It has been six full years since we last experienced life as a racketeer, in the open-world game Mafia II. In Mafia III – 2K games new stellar entry into the franchise – you take on the role of Lincoln Clay, a Vietnam War soldier who starts his own criminal empire in the fictional city of New Bordeaux. Clay starts from the bottom and climbs his way to prominence in the Black mob, but after being double-crossed, and left for dead by his so-called companions, Clay sets out on a path for revenge against a rival Mafioso leader, Sal Marcano.
The use of historical footage from 1968 allows the game to delve into the history of mob rule and racism in the United States after the Vietnam War.

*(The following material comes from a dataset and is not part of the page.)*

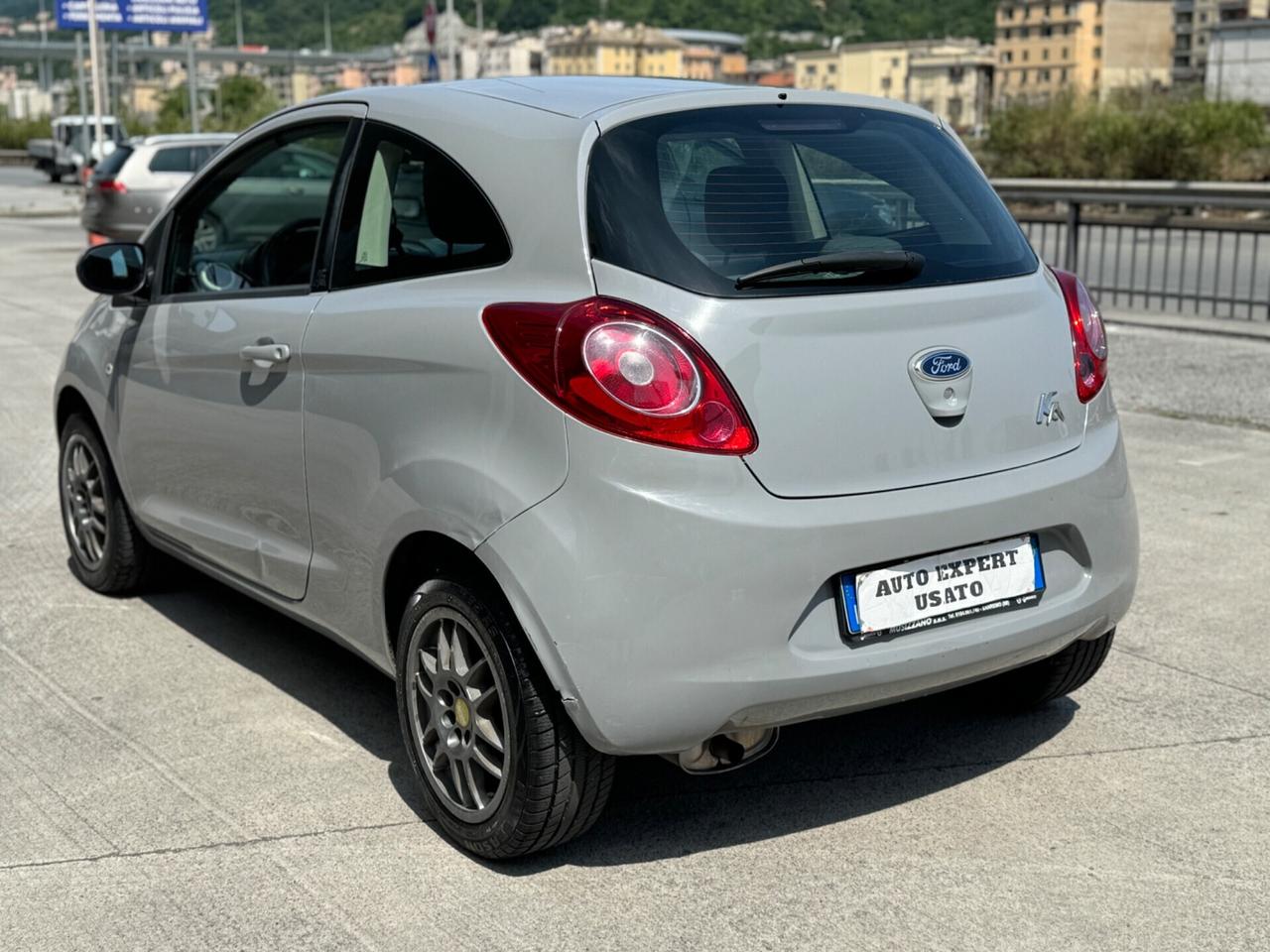 Ford Ka 1.2 8V 69 CV Edition 2016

The presentation of racial issues embedded in the game, allows for a more detailed account of the 1960’s setting, one that forces players to confront real issues such as racism, segregation and violence.
Video game developers have usually ignored depicting such a contentious period, but developer Hanger 13 successfully captures the life of a black mobster in the 1960’s by using historical footage and the excellent voice acting to bring the games lavish cut-scenes to life. Even the city of New Bordeaux – with its true-to- life period details, soundtracks, detailed cars, buildings, and historical documentary cuttings – creates an authentic open-world game; one that enriches players with other tasks to complete other than the main story.

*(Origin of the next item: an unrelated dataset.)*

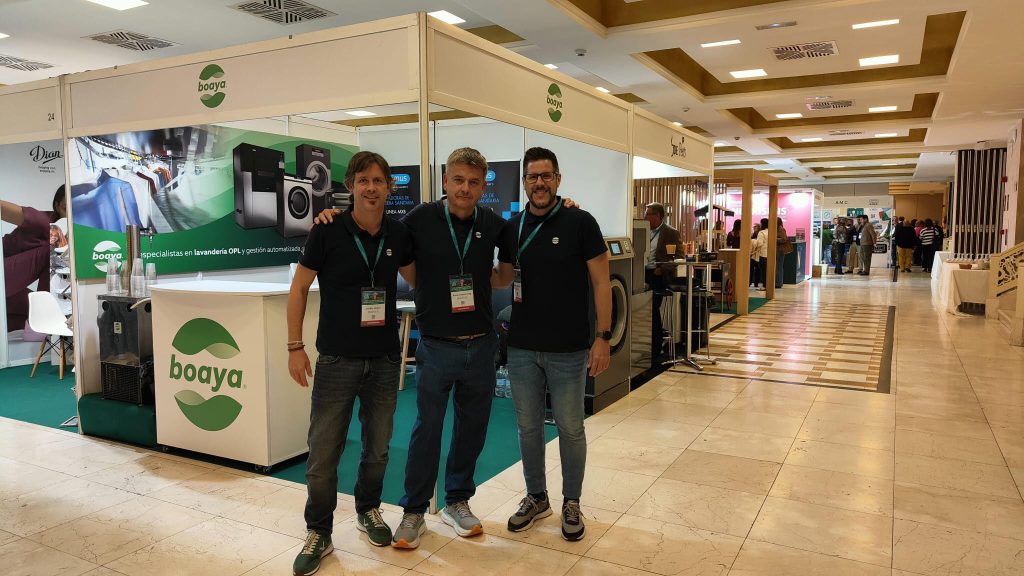 congreso de la Asociación de Hostelería Hospitalaria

As you progress in the story, main missions are accomplished by completing smaller side quests. Each of the side-missions consists of murdering targets, destroying shipments, and killing district leaders, all in the pursuit of reaping some righteous vengeance against Sal Marcano and his henchmen. Though Mafia III’s campaign contains some intense, action-filled moments, each of Mafia III’s missions are hidden under a pile of recurring filler quests.

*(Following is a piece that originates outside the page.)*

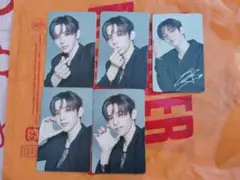 RIIZE 東京ドーム　ラントレ　ショウタロウ　5枚セット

Within that repetitive loop, most of the exchanges in the game take the form of shooting or fighting. Combat is just this awesome visceral dance of violence, with Lincoln dangerous from both far-range and up-close combat. There is this moment when the firing pin clicks and you have no more bullets left and instead of worrying, you rely on your ability to overcome enemies by using your close-quarter skills. Lincoln’s military training is instantly recognizable in moments like these, but the AI’s simplistic behavior makes it almost too easy to defeat enemies.
In addition, Mafia III fails to distinguish itself from other sandbox shooters like Grand Theft Auto, and its core mechanics cannot seem to master the basics; swapping cover feels awkward, AI feels unsophisticated, mission structure is repetitive and combat is all too easy. These issues are somewhat forgivable in light of the game’s outstanding storytelling, plot design, and voice work, but it is difficult to forgive Mafia III’s technical issues.
While it is very uncommon for a video game to be bug-free, the multitude of glitches present in the game is obvious. Coupled with the games many technical problems, the games poor graphics, flat textures, lighting issues only serves to highlight that the game was released unfinished. Despite the games technical and graphical disappointments, Mafia III writing, storytelling, themes, and acting are superb, but the game’s repetitive missions and technical issues drag the experience down even further.